WORK REQUIRED: Could you output exactly the lines running from the one containing "Flat lay of" to the final line of the listing below, leaving out pictures?

= = =

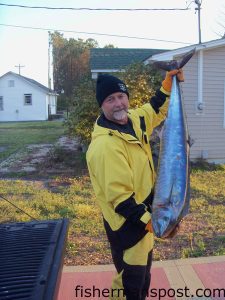 Scott Wilson with a 39.5 lb. wahoo that bit a blue/white softhead lure at the Yellowfin Hole while he was trolling on the "Pura Vida."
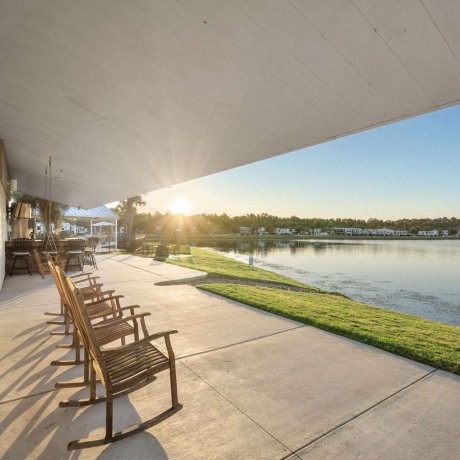 Rocking chairs behind clubhouse at Eastlake RV Resort in Houston, TX overlooking lake and fountain at sunrise with BBQ area in background near 77044
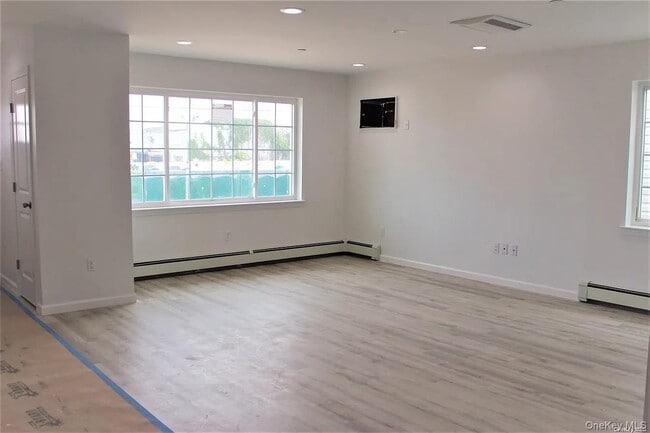 Building Photo - 69-03 Bayfield Ave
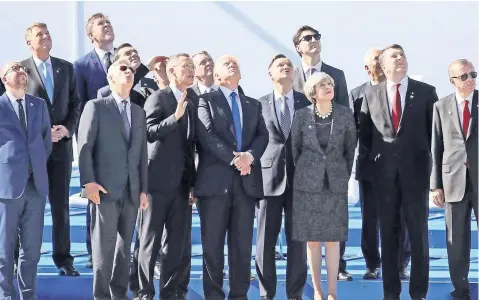  ??  ?? Algunos de los jefes de Estado y de gobierno de los países miembros de la OTAN observan el vuelo de un avión momentos antes de la toma de la fotografía oficial, durante la cumbre del organismo celebrada ayer en Bruselas, Bélgica.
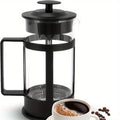 Black French press coffee maker with a cup of coffee and beans on a white background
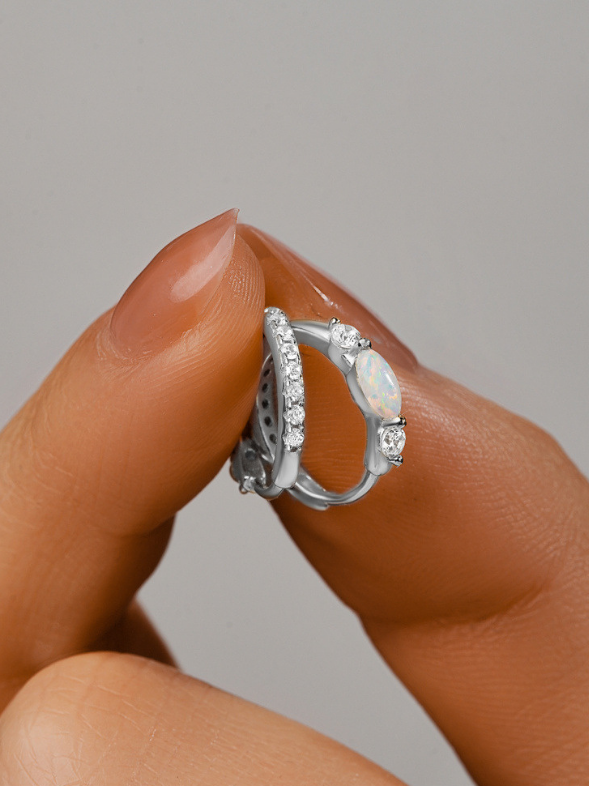 Flat lay of MNML Ferris Two-Way Opal & Stones Single Hoop — 925 silver rhodium minimal jewelry in silver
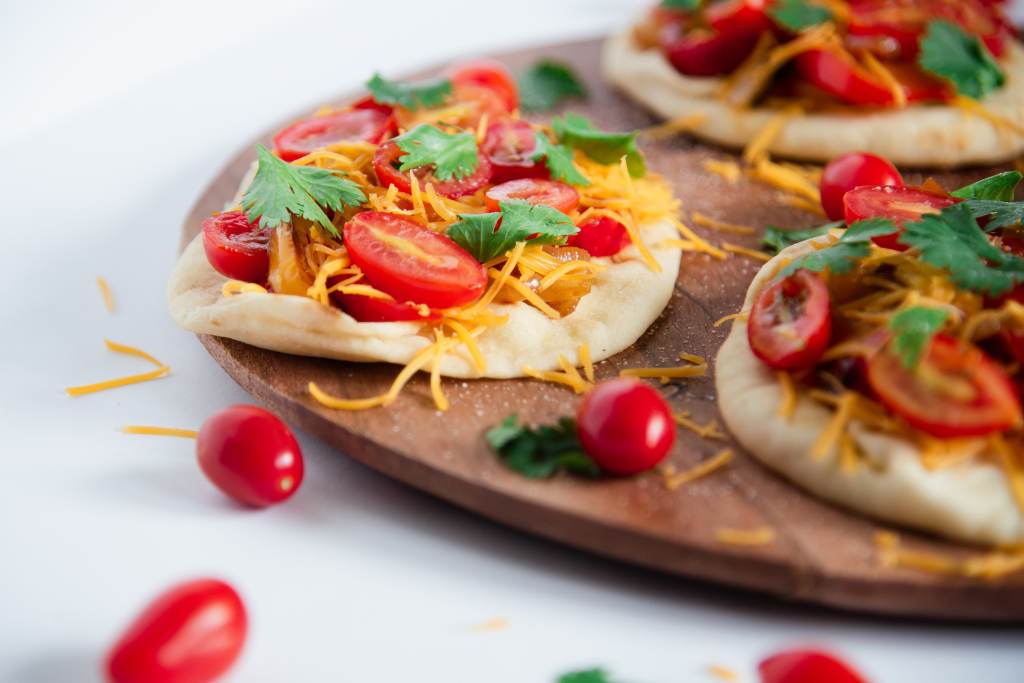 an up close picture on an open=faced sandwich, with some cheese and cherry tomatoes around, you can partially see two other sandwiches in the picture as well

= = =

TASK SOLUTION:
 Flat lay of MNML Ferris Two-Way Opal & Stones Single Hoop — 925 silver rhodium minimal jewelry in silver
 an up close picture on an open=faced sandwich, with some cheese and cherry tomatoes around, you can partially see two other sandwiches in the picture as well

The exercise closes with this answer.